Your goal: For this task, output exactly the lines of the material below starting at the line with "May include: A" and ending at the line with "Woman is putting"; pictures are to be excluded.

Record extracts:
=== Begin Enclosure ===
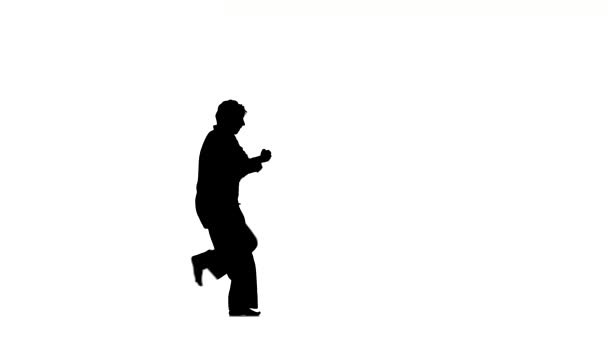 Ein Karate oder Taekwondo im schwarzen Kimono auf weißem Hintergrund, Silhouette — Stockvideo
=== End Enclosure ===
=== Begin Enclosure ===
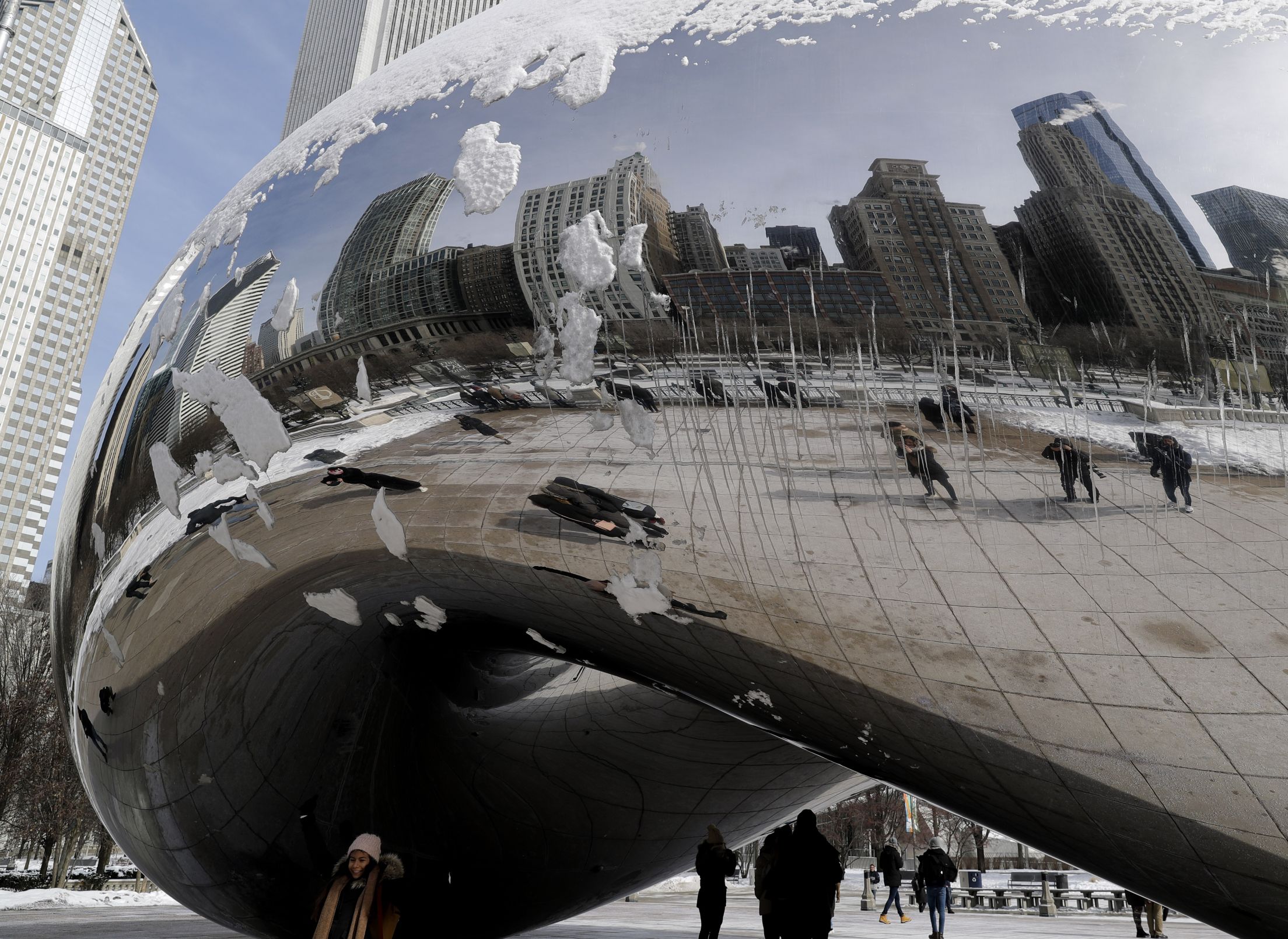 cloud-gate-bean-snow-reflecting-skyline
=== End Enclosure ===
=== Begin Enclosure ===
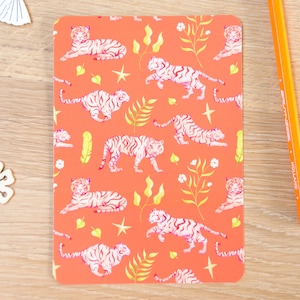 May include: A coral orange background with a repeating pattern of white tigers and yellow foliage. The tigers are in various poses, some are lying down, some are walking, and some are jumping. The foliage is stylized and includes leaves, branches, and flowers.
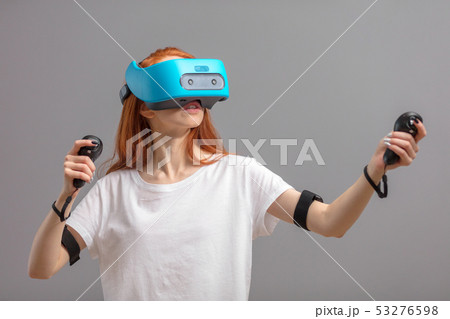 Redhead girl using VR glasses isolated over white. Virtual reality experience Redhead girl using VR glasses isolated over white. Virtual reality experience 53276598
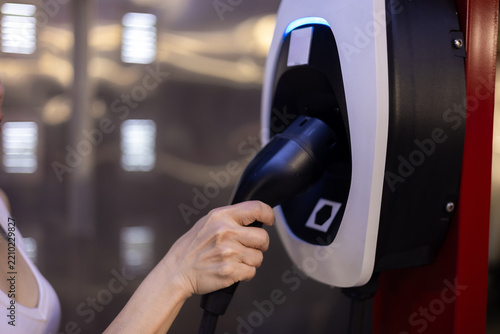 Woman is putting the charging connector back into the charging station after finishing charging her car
=== End Enclosure ===
Output of the exercise:
 May include: A coral orange background with a repeating pattern of white tigers and yellow foliage. The tigers are in various poses, some are lying down, some are walking, and some are jumping. The foliage is stylized and includes leaves, branches, and flowers.
 Redhead girl using VR glasses isolated over white. Virtual reality experience Redhead girl using VR glasses isolated over white. Virtual reality experience 53276598
 Woman is putting the charging connector back into the charging station after finishing charging her car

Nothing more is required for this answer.